On April 2, 2015, the state court granted Citizens' motions and entered a judgment of foreclosure (Compl., at ¶ 24; Id., Ex. C: Judgment of Foreclosure and Sale, at ¶ 10(d)). Citizens' attorney also presented the state court judge with an "Order Shortening Redemption Period" which the judge signed, stating that under 735 ILCS 5/15-1603(b)(4), the redemption period would expire 30 days from the date the judgment of foreclosure was entered, or May 2, 2015 (Id., at ¶¶ 25, 27; Id., Ex. B: Order Shortening Redemption Period).

Section 15-1603(b)(4) states that the redemption period shall end 30 days after the date the judgment of foreclosure is entered if the court finds that the mortgaged real estate has been abandoned. 735 ILCS 5/15-1603(b)(4).

By May 2, 2015, Mr. Scully had not retained an attorney to appear in the foreclosure action, had not appeared pro se, and had not paid the amounts due. According to Mr. Jaeger, he first assisted Mr. Scully in obtaining counsel in or about late June 2015 (Jaeger Aff., at ¶ 19), some three months after Mr. Jaeger's conversation with Citizens' counsel. Mr. Scully did not retain counsel until July 3, 2015 (Compl., at ¶ 31).
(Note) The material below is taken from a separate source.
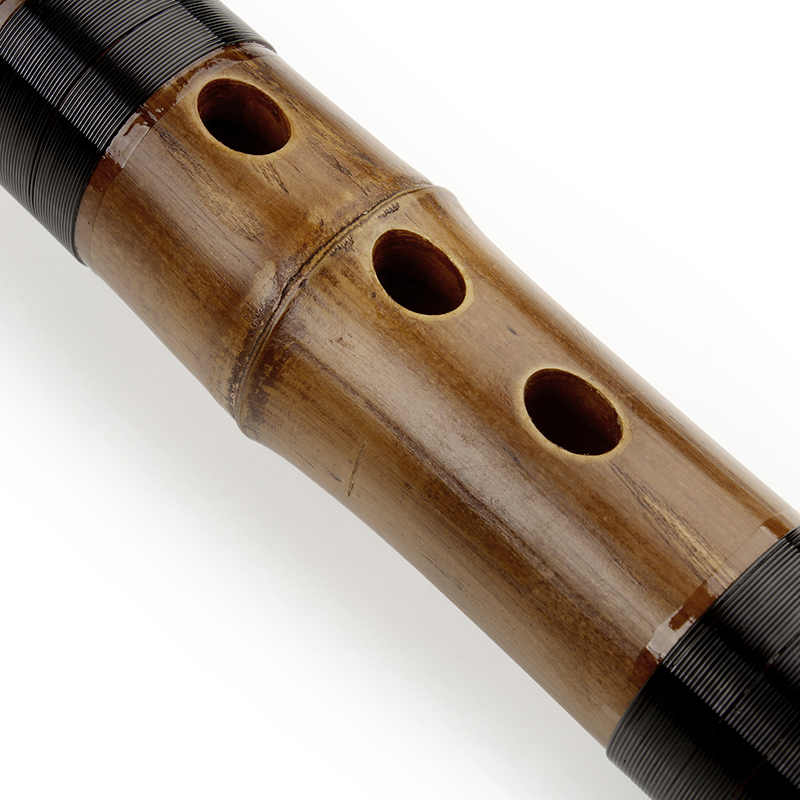 Musical Instrument Xun - Xiao linha preta guizhu g chave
By that time, the May 2, 2015 deadline to redeem the Property had passed. On May 19, 2015, the Property was sold at a foreclosure sale for $130,000.00 to a bona fide third party purchaser, Corona Investments, LLC ("Corona") (Compl., at ¶ 28). On June 17, 2015, the state court confirmed the sale of the property (Id., at ¶ 30; Id., Ex. E: Order Approving Sale and Distribution, Confirming Sale and Order of Possession).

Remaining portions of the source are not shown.